Having led college students through Spain, France and other foreign countries, I had no fear. Here are a few experiences of that day:
● A half-dozen workers sitting on the ground near a container of sugar cane stalks. I smiled and asked "... guns? Ball bats? Weapons?" They laughed, and the man grabbed one, cut and chewed and cut some for me. When the sweet was swallowed, we discarded the fiber and chickens raced up to fight over the fiber. There was laughter all the way.
● A side of freshly killed beef hung from the back of an open truck. Buyer and butcher were bartering at curbside; the cook from a nearby hotel was the customer, and curious people stood around. Meat was still being sold from that unwrapped side of beef later in the day.
● A woman weighing hen’s eggs on old-fashioned, hand-held scales; it makes sense to weigh eggs instead of selling them by the dozen! The seller used an ancient, flat box instead of a cash register; he tossed coins into various compartments, from a distance, with amazing accuracy as people stood to watch.
My dentist had asked me to bring him an acupuncture needle, and when I entered a large corner drug store, several people followed, staring at me. Others came in both doors, staring and smiling gently. How could I pantomime acupuncture needle? People crowded forward to help, but my words did not make sense to anyone. The store was soon crowded with polite onlookers. An elderly woman pushed her way to my side to help me spell out "acupuncture." But that wasn’t Chinese for the needles! I guessed that she studied English in school, long ago.
Finally a young man at my side produced pencil and paper; and I drew a sketch of a man with a needle in his forearm, pantomimed pain and the fellow said, in Chinese, of course, "The lady wants acupuncture needles." There was a rumble of conversation and applause. I bought a dozen needles of various sizes and extended a handful of coins, but the druggist chose only a small-value coin.
Huge kettles of food boiled at curbside when I moved on through the business district to make a few other purchases. People were scooping steaming white rice into their hand-held china bowls at mouth level and gobbling plain white rice, their chopsticks flying. I walked to our hotel with several small purchases in my bicycle bag and snapped a few photos on the way. I was the only biker at the table with four Chinese men - our "back-up crew" - who had never seen hotel food like ours. They snatched, grabbed and gobbled. This was a privilege they had not enjoyed before.
I went back to stores and shopped seriously: the fine bamboo hat a man was wearing, a bamboo baby bicycle seat, nine tiny porcelain "gods," a soldier’s cap with insignia required to be removed, bike bells, an unusual basket for Nancy, three kinds of Chinese hats for grandsons and many color snapshots for slides.
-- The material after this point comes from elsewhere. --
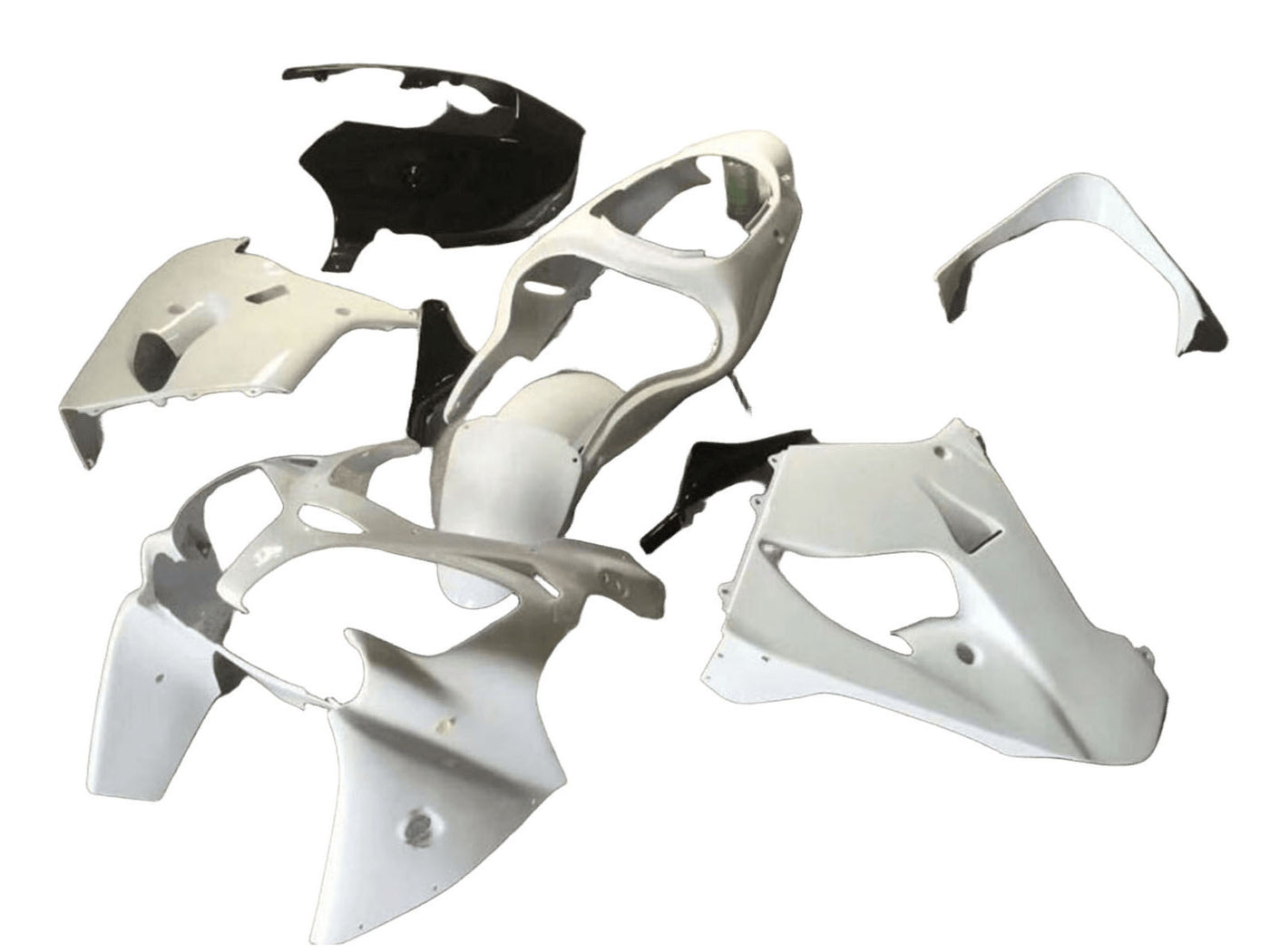 2000-2001 Kawasaki Ninja ZX9R Pure White Glossy Black Fairing Kit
Our final banquet included "Thousand-year eggs." I saw those for sale on the street; black mud mixed with white crushed lime "cooked" the eggs. Yes, they had "cooked" about a month and were dark gray with yellow yolks. Another delicacy was boiled watermelon. It was carried out, steaming in the rind, hard to prepare but not worth the trouble!
Special handmade certificates were given to some. "Most Popular" went to "Sue and La-O-Shu, her jumping handkerchief mouse."